-- ENTRIES SUPPLIED follows --

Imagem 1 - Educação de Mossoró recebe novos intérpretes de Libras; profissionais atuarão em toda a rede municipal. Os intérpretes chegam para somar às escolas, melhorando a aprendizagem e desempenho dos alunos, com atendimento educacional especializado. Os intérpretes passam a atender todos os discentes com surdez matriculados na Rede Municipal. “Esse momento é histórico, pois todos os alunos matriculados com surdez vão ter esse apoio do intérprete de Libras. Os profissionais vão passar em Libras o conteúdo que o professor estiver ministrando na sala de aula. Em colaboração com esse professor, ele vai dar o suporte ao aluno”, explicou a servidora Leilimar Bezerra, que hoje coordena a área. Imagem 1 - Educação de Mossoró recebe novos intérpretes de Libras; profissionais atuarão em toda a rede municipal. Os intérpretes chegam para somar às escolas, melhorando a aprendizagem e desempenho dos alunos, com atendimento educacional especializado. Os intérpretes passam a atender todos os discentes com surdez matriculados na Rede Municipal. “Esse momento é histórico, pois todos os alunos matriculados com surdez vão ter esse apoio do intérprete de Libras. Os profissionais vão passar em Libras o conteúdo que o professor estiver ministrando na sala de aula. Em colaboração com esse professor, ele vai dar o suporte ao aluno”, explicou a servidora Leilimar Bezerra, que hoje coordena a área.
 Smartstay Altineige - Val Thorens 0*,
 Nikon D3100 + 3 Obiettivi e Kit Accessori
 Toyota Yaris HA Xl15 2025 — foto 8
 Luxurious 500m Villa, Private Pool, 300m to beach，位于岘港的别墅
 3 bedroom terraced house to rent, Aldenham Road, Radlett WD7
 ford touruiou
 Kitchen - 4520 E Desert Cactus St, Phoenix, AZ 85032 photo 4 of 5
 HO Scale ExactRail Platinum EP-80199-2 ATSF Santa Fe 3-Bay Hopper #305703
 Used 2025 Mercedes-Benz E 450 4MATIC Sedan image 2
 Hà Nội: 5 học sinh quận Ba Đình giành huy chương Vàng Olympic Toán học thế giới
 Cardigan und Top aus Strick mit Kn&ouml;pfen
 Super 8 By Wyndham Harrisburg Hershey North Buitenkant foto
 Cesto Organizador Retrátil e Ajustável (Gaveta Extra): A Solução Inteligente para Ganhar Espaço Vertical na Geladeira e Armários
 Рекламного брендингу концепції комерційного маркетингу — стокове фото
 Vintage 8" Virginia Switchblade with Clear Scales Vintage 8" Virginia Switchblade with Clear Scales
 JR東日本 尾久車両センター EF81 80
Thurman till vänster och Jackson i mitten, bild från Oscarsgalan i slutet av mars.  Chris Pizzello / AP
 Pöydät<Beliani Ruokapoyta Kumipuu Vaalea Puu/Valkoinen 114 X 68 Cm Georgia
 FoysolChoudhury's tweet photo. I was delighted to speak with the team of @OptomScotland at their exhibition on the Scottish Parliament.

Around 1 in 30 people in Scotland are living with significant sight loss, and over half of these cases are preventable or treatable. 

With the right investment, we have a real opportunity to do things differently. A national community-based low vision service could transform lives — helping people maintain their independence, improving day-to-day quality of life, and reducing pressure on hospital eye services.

-- ENTRIES SUPPLIED concluded --

* _ABOUT THIS TASK_
The answer must be a word-for-word transcription of every record above.

* _ANSWER SECTION_
Imagem 1 - Educação de Mossoró recebe novos intérpretes de Libras; profissionais atuarão em toda a rede municipal. Os intérpretes chegam para somar às escolas, melhorando a aprendizagem e desempenho dos alunos, com atendimento educacional especializado. Os intérpretes passam a atender todos os discentes com surdez matriculados na Rede Municipal. “Esse momento é histórico, pois todos os alunos matriculados com surdez vão ter esse apoio do intérprete de Libras. Os profissionais vão passar em Libras o conteúdo que o professor estiver ministrando na sala de aula. Em colaboração com esse professor, ele vai dar o suporte ao aluno”, explicou a servidora Leilimar Bezerra, que hoje coordena a área. Imagem 1 - Educação de Mossoró recebe novos intérpretes de Libras; profissionais atuarão em toda a rede municipal. Os intérpretes chegam para somar às escolas, melhorando a aprendizagem e desempenho dos alunos, com atendimento educacional especializado. Os intérpretes passam a atender todos os discentes com surdez matriculados na Rede Municipal. “Esse momento é histórico, pois todos os alunos matriculados com surdez vão ter esse apoio do intérprete de Libras. Os profissionais vão passar em Libras o conteúdo que o professor estiver ministrando na sala de aula. Em colaboração com esse professor, ele vai dar o suporte ao aluno”, explicou a servidora Leilimar Bezerra, que hoje coordena a área.
 Smartstay Altineige - Val Thorens 0*,
 Nikon D3100 + 3 Obiettivi e Kit Accessori
 Toyota Yaris HA Xl15 2025 — foto 8
 Luxurious 500m Villa, Private Pool, 300m to beach，位于岘港的别墅
 3 bedroom terraced house to rent, Aldenham Road, Radlett WD7
 ford touruiou
 Kitchen - 4520 E Desert Cactus St, Phoenix, AZ 85032 photo 4 of 5
 HO Scale ExactRail Platinum EP-80199-2 ATSF Santa Fe 3-Bay Hopper #305703
 Used 2025 Mercedes-Benz E 450 4MATIC Sedan image 2
 Hà Nội: 5 học sinh quận Ba Đình giành huy chương Vàng Olympic Toán học thế giới
 Cardigan und Top aus Strick mit Kn&ouml;pfen
 Super 8 By Wyndham Harrisburg Hershey North Buitenkant foto
 Cesto Organizador Retrátil e Ajustável (Gaveta Extra): A Solução Inteligente para Ganhar Espaço Vertical na Geladeira e Armários
 Рекламного брендингу концепції комерційного маркетингу — стокове фото
 Vintage 8" Virginia Switchblade with Clear Scales Vintage 8" Virginia Switchblade with Clear Scales
 JR東日本 尾久車両センター EF81 80
Thurman till vänster och Jackson i mitten, bild från Oscarsgalan i slutet av mars.  Chris Pizzello / AP
 Pöydät<Beliani Ruokapoyta Kumipuu Vaalea Puu/Valkoinen 114 X 68 Cm Georgia
 FoysolChoudhury's tweet photo. I was delighted to speak with the team of @OptomScotland at their exhibition on the Scottish Parliament.

Around 1 in 30 people in Scotland are living with significant sight loss, and over half of these cases are preventable or treatable. 

With the right investment, we have a real opportunity to do things differently. A national community-based low vision service could transform lives — helping people maintain their independence, improving day-to-day quality of life, and reducing pressure on hospital eye services.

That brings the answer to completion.